Les consommateurs contemporains réclament des saveurs uniques, des aliments singuliers, une alimentation pratique et sans culpabilité, et un régime alimentaire de plus en plus adapté à leurs besoins et leurs valeurs. Une telle demande nécessite le développement de produits qui implique nécessairement la création et/ou l’adoption de solutions technologiques innovantes ainsi que de nouveaux business modèles. Par ailleurs, les avancées récentes dans des domaines tels que la biotechnologie, la nanotechnologie et la technologie de conservation offrent un nombre sans précédent de possibilités d’applications à valeur ajoutée dans l’industrie alimentaire, dont beaucoup ont la capacité de répondre adéquatement à la demande moderne des consommateurs.
Aussi inévitable qu’elle puisse l’être, l’innovation reste un processus complexe et difficile à gérer pour l’industrie agroalimentaire. Le nombre et la diversité des acteurs impliqués dans la production alimentaire, ainsi que leurs difficultés à satisfaire eux seuls les exigences hétérogènes (et parfois contradictoires) des clients intermédiaires, des consommateurs et des législateurs, nécessite que les activités de coopération doivent être soigneusement coordonnées. Ceci implique de gérer les processus d’innovation à la fois en interne et à travers des relations coopératives avec des partenaires externes tout au long de la chaîne de valeur. Par exemple, un bon nombre de technologies émergentes pouvant potentiellement soutenir (ou compléter) une vague de nouvelles applications alimentaires réussies (on peut penser aux nanotechnologies) sont développées en dehors de l’industrie agroalimentaire. Afin de tirer parti de ces processus d’innovation ouverte, les acteurs de l’industrie agroalimentaire doivent donc conclure des accords plus ou moins formels avec d’autres entités du système d’innovation. Des accords formels sont également requis pour l’adoption de nouvelles technologies développées en externe. Enfin et surtout, l’établissement de relations étroites avec les organismes de réglementation, les intermédiaires et les utilisateurs finaux tout au long du processus d’innovation, est essentiel pour améliorer l’acceptation par le public des technologies alimentaires émergentes et le succès commercial de leurs produits.

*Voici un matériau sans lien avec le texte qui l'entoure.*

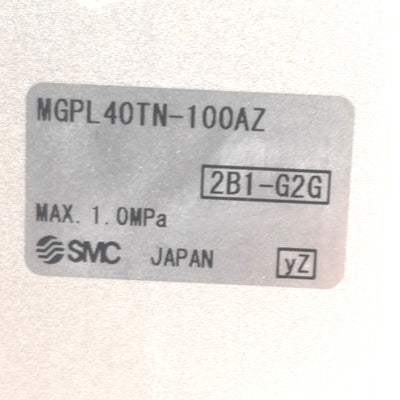 New SMC MGPL40TN-100AZ Guided Cylinder, Bore ø40mm, Stroke 100mm, 1.0MPa, 1/8in NPT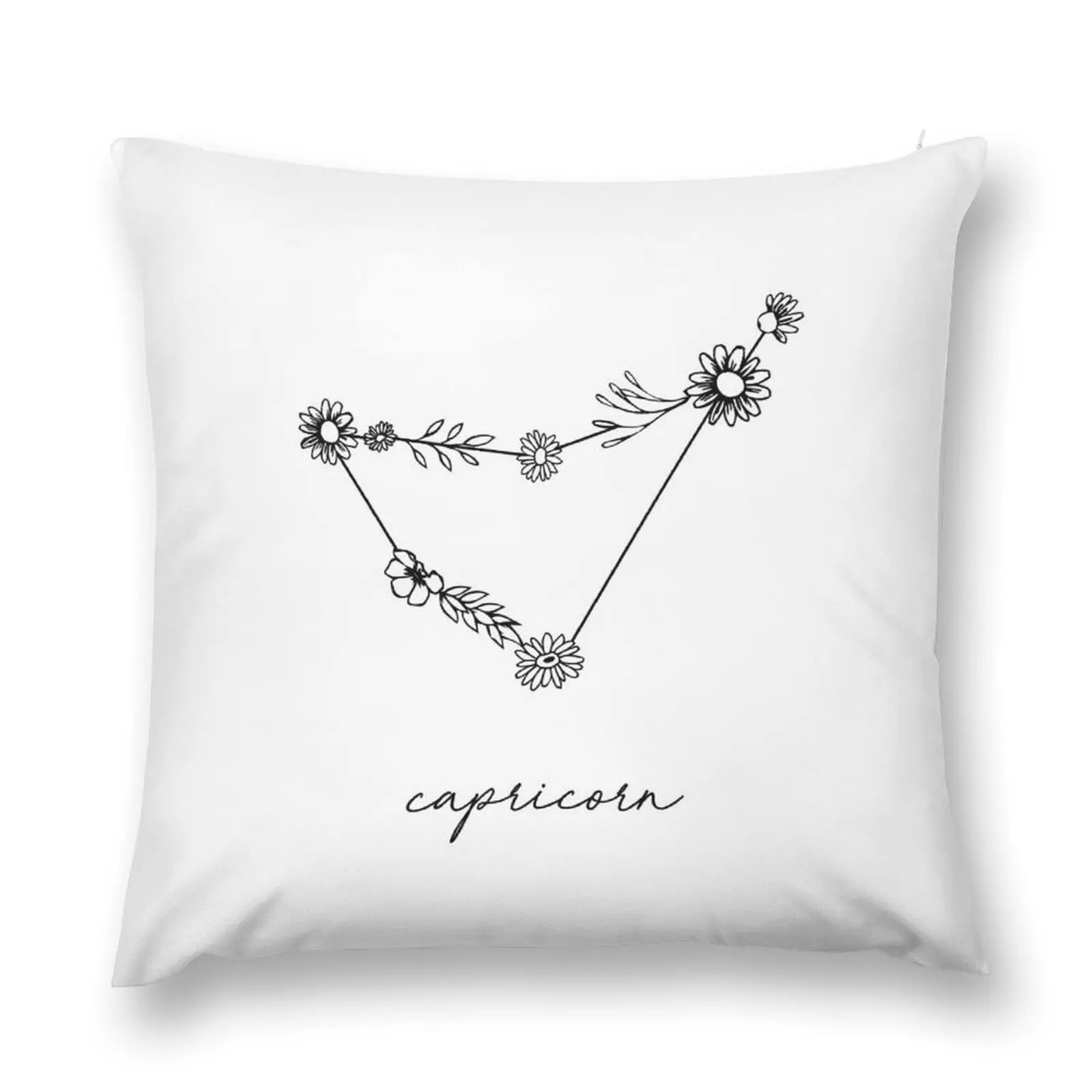 Capricorn Zodiac Wildflower Constellation Throw Pillow Plaid Sofa Pillowcase pillow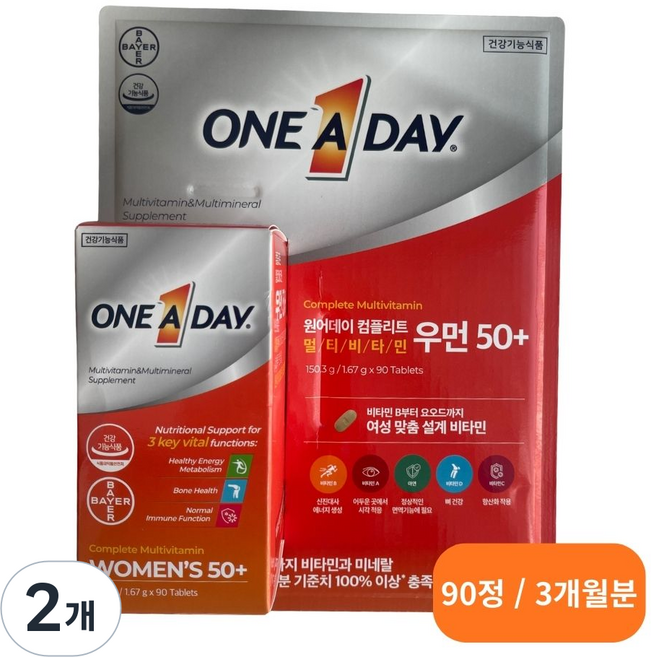 원어데이 바이엘 우먼 50+ 여성용 종합 멀티비타민 미네랄 3개월분, 90정, 2개
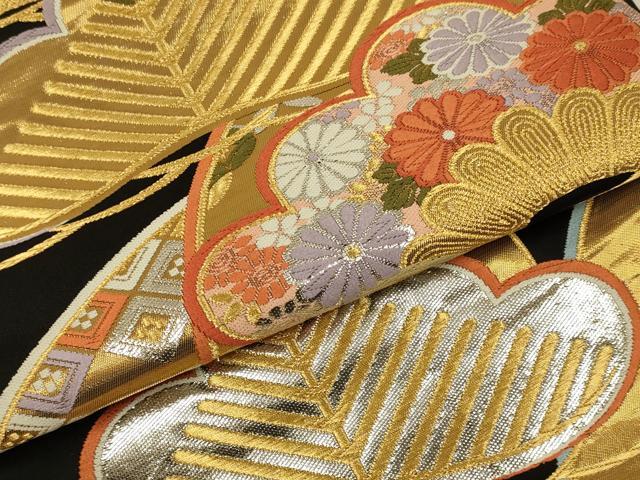 平和屋本店▼六通柄袋帯　唐織　花松文　黒地　本金箔24K　みやび　正絹　逸品　DABK7542du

En somme, l’innovation dans l’industrie agroalimentaire dépendra de plus en plus des décisions et activités des autres entités du système d’innovation. Il est donc essentiel que les acteurs du secteur comprennent ces tendances, identifient les opportunités qu’elles présentent et développent des relations de coopération appropriées à l’intérieur et à l’extérieur de l’industrie traditionnelle des produits agroalimentaires pour créer de nouvelles sources de revenus. En raison de la nature transdisciplinaire des défis auxquels fait face le secteur de l’agroalimentaire, l’innovation ouverte est une démarche cruciale pour y parvenir.